● **Material provided**

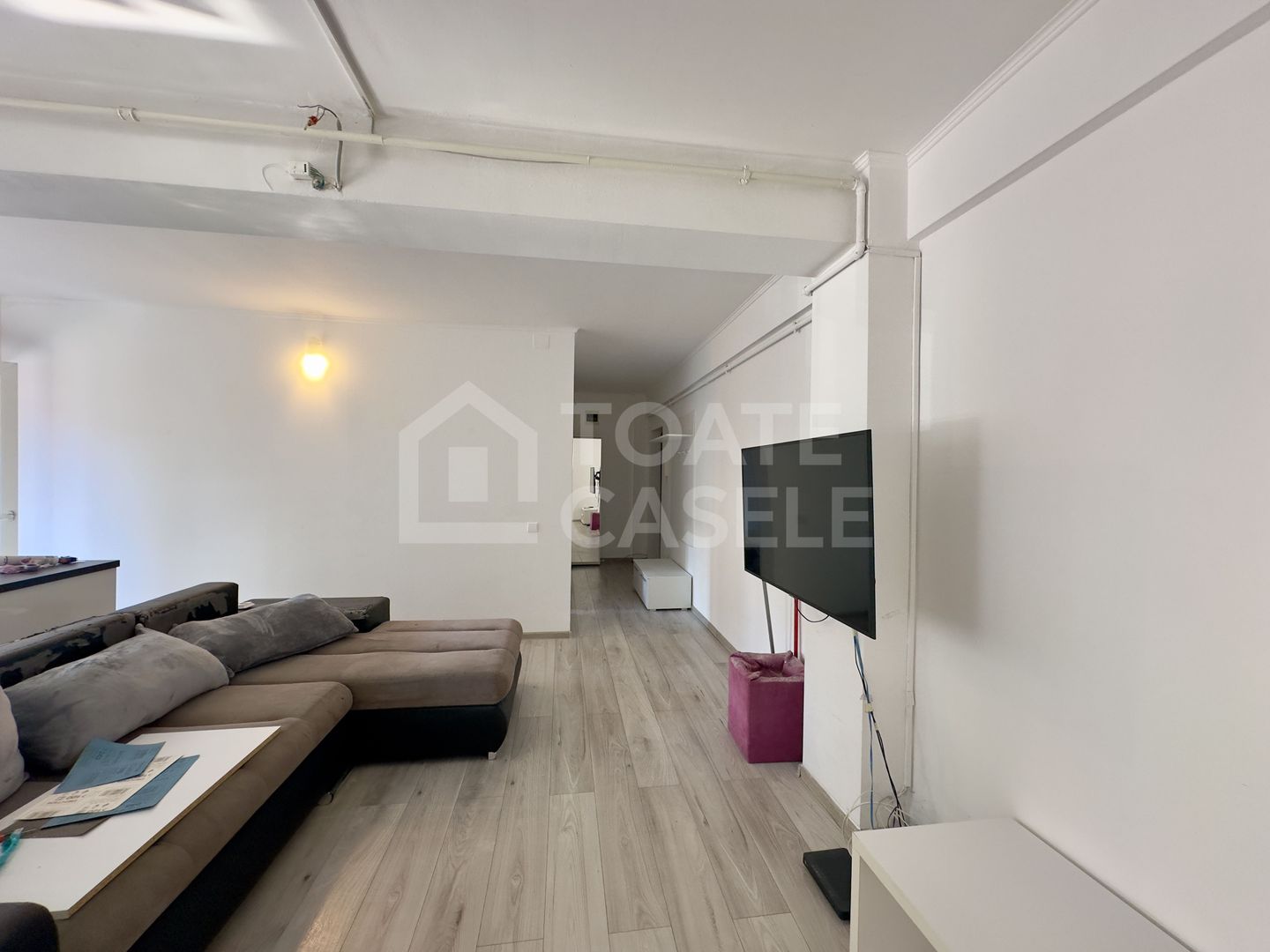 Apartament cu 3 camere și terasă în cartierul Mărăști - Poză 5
==
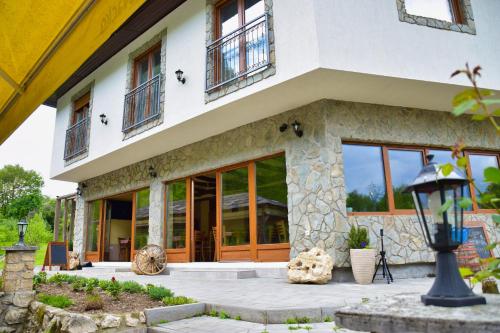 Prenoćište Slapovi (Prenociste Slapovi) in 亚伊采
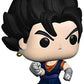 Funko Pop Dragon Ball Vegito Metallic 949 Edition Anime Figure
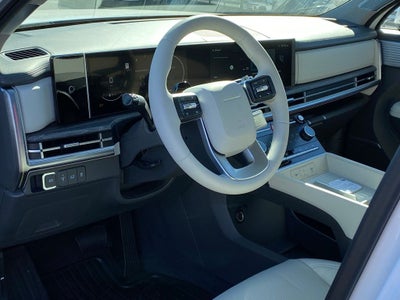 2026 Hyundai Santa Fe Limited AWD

● **Task instructions**
Above are some records. Reproduce the lines from the one with "Prenoćište Slapovi (Prenociste" down to the one with "2026 Hyundai Santa Fe Limited AWD", keeping both, and leave every picture out.

● **Written answer**
 Prenoćište Slapovi (Prenociste Slapovi) in 亚伊采
 Funko Pop Dragon Ball Vegito Metallic 949 Edition Anime Figure
 2026 Hyundai Santa Fe Limited AWD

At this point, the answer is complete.